Speaking at the National Association of Pensions Funds Annual Conference in Manchester, Mike Taylor, chief executive of the LPFA, said: "It is a myth that public-sector pensions are gold-plated and outdated. They are not unaffordable, but the issue of longevity means they could be unaffordable in the future."
Taylor attacked what he called the "myth that public-sector staff could enjoy gold-plated pensions, while private-sector staff would be forced to retire into poverty". And added: "It is time we had a more robust debate on public-sector pensions, grounded in fact."
According to Taylor, the average scheme member in a local government pension will receive an average of £4,000 per year in income and councils are paying more in education than staff pensions.
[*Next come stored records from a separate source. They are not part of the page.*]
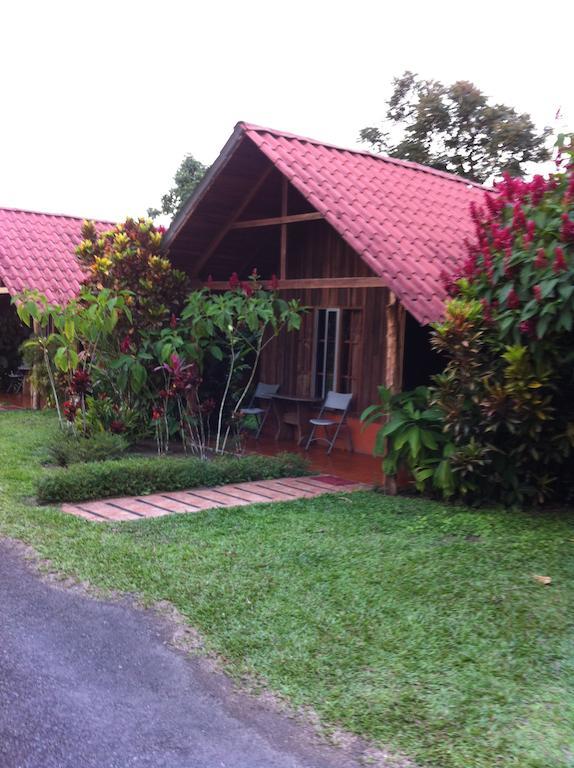 Hotel Villas Vista Arenal La Fortuna Exterior photo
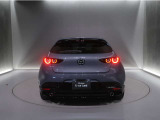 LEDテールライトで後方車両にも見やすい設計になっています♪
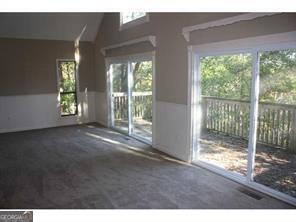 Building Photo - 3836 Clubhouse Dr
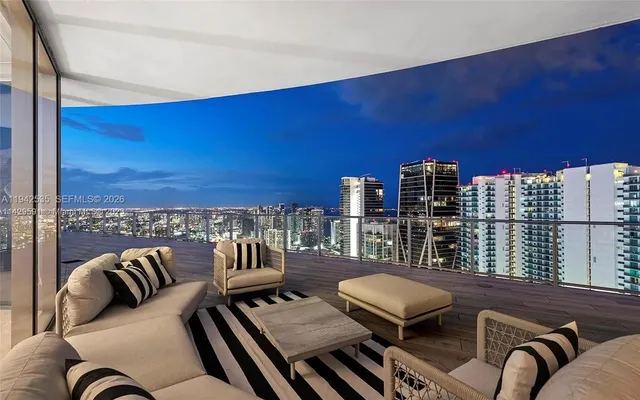 $5,295,000 | 851 Northeast 1st Avenue, Unit 5201, Miami, FL 33132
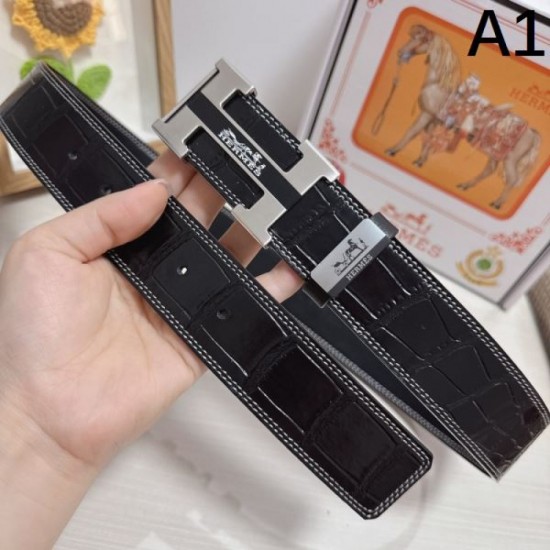 HERMES This summer's new 2024SS belt can create a mature and relaxed feeling. HERMES This summer's new 2024SS belt can create a mature and relaxed feeling.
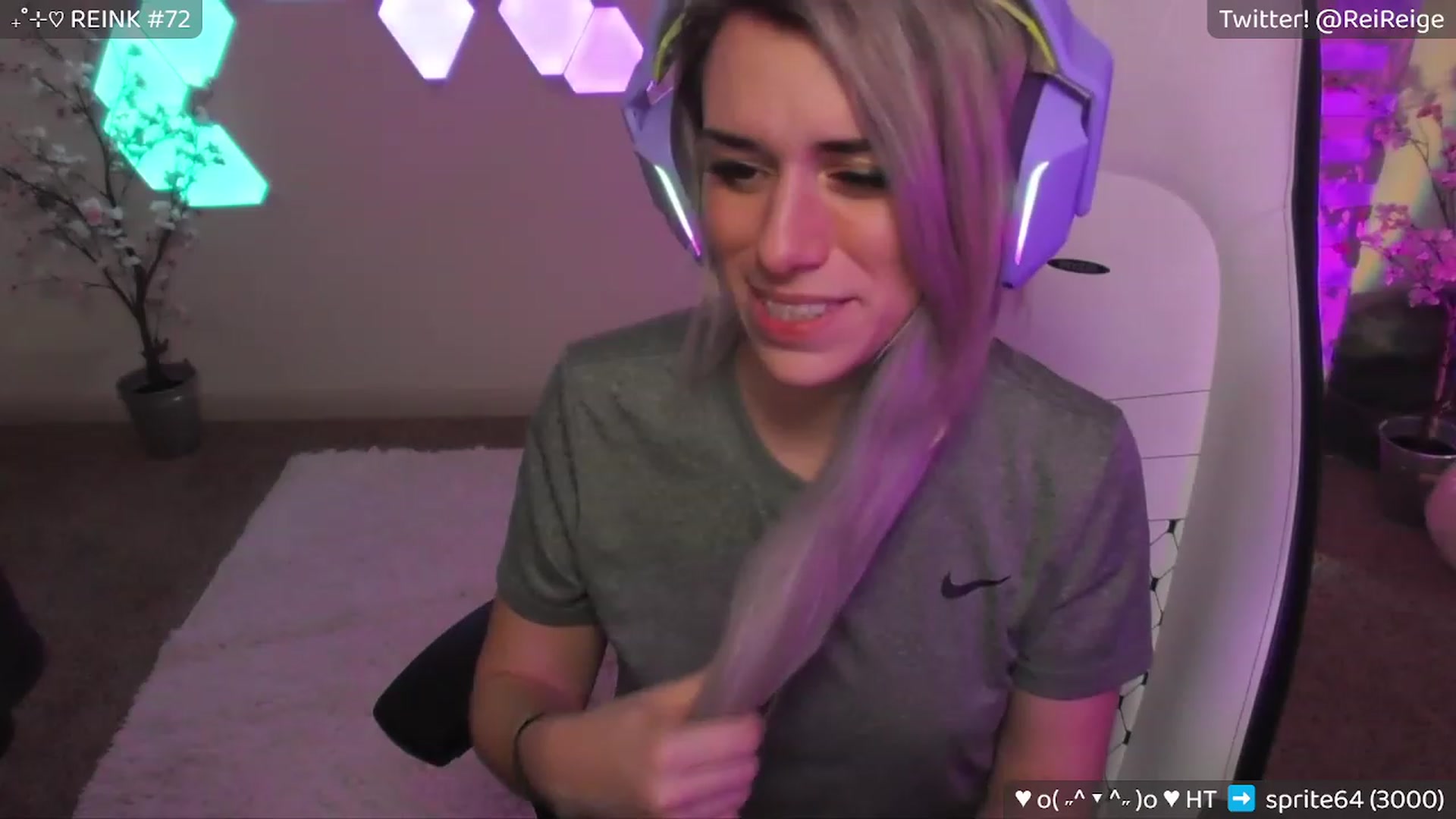 Gallery image thumbnail from Reige's myfreecams stream on, 03/31/2023, 12:19 image 14 of 20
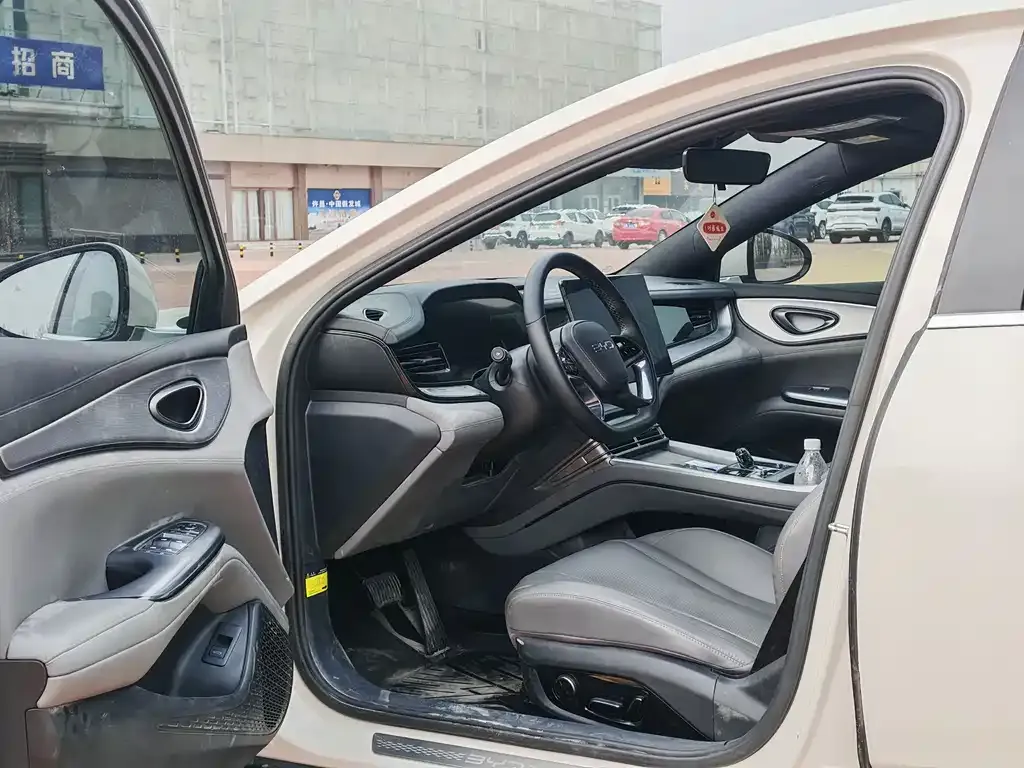 BYD Seal 07 DM-i 2025 из CN, фото 10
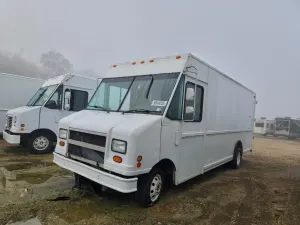 Ford Econoline E350 SUPER DUTY STRIPPED CHASSIS 5.4L 8 2000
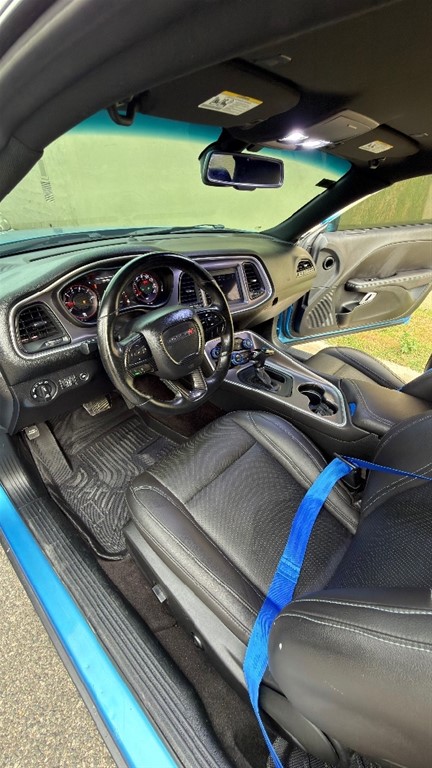 2019 Dodge Avenger SXT — foto 9 / 12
He added that income into most local government schemes can be almost double the outcome.
"No one thinks saving for retirement is a bad thing," he said. "Workplace pensions are a good thing but as people live longer in retirement it becomes harder to balance."
Taylor's announcement came on Friday as research from the Department of Communities and Local Government found the value of assets in local government pension funds in England and Wales fell by £24 billion (19%) over the past year. This is roughly equivalent to all of the money local authorities collected in council tax that year.
John Ball, head of defined benefit pensions at Watson Wyatt, said: "There is a big hole in local government pension funds that will have to be filled sooner or later. The Government is worried that even a 20-year payback period could require council tax rises that the electorate will not stomach. It has therefore suggested kicking the problem into the long grass by letting councils target a funding level below 100%.
"Since the pensions to be paid out would be the same, this just means asking future generations to pick up the tab. It's a different story in the private sector, where the Pensions Regulator has told employers that massaging down funding targets to mask the impact of market movements on funding levels is completely unacceptable."